BEGIN PROVIDED INFORMATION

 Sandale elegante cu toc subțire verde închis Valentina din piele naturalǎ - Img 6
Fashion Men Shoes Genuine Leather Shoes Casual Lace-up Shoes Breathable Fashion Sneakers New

END PROVIDED INFORMATION
BEGIN PROVIDED INFORMATION

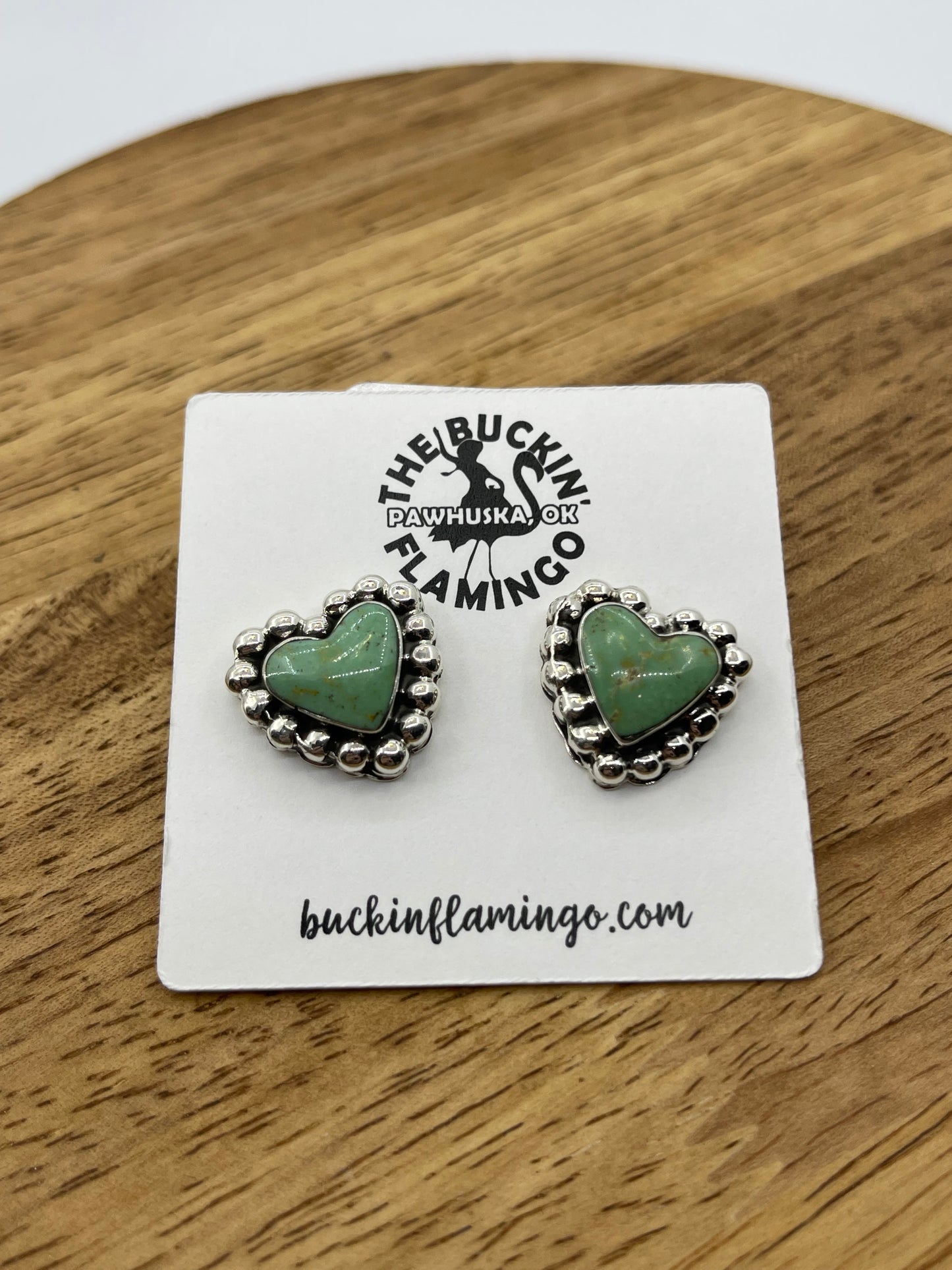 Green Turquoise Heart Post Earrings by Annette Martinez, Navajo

END PROVIDED INFORMATION
BEGIN PROVIDED INFORMATION

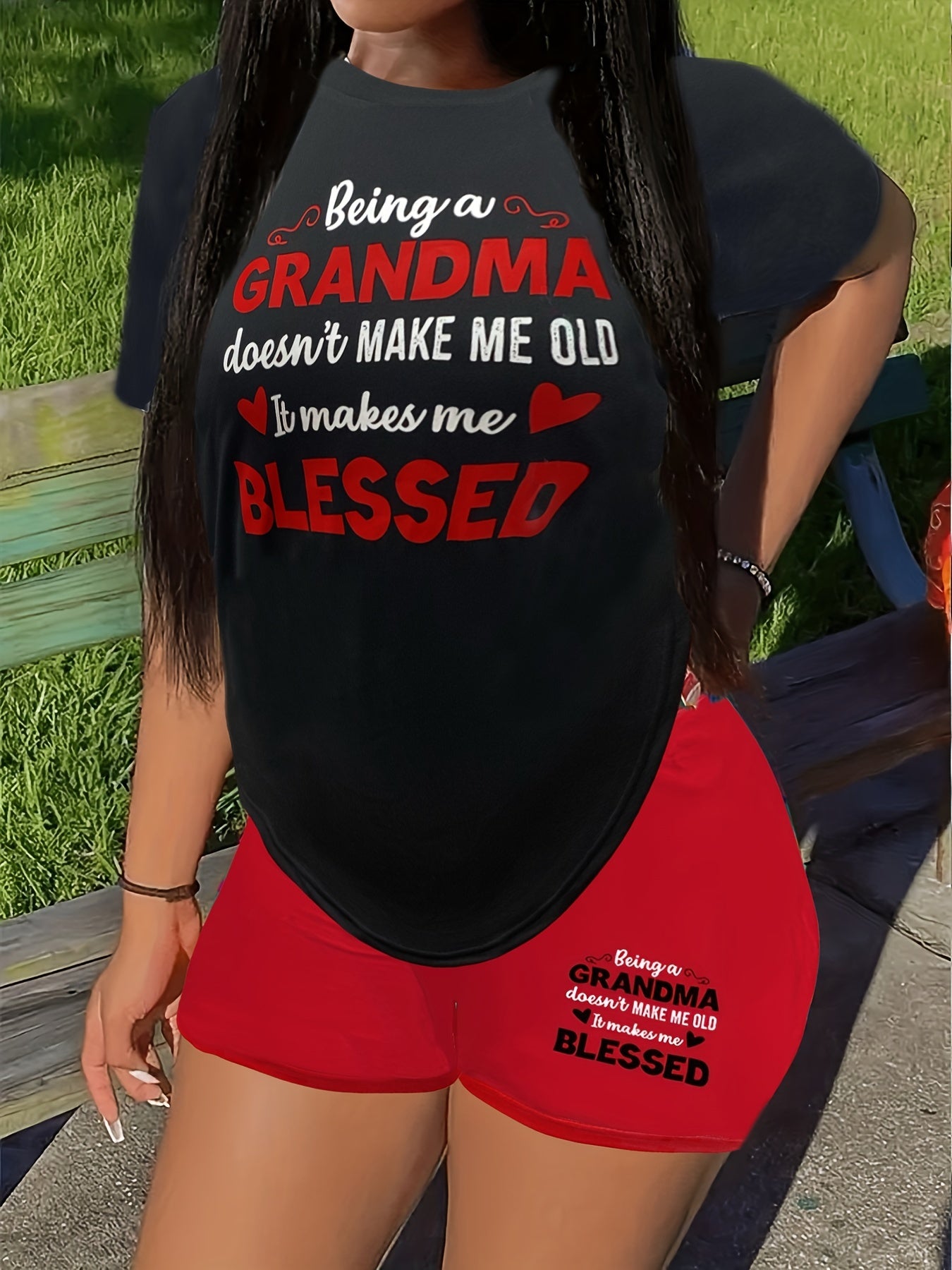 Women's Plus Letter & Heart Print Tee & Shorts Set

END PROVIDED INFORMATION

- _WHAT IS EXPECTED_: Give an exact copy of the lines above from the line with "Sandale elegante cu" up to and including the line with "Fashion Men Shoes", and leave everything else out.

- _TASK ANSWER_:
 Sandale elegante cu toc subțire verde închis Valentina din piele naturalǎ - Img 6
Fashion Men Shoes Genuine Leather Shoes Casual Lace-up Shoes Breathable Fashion Sneakers New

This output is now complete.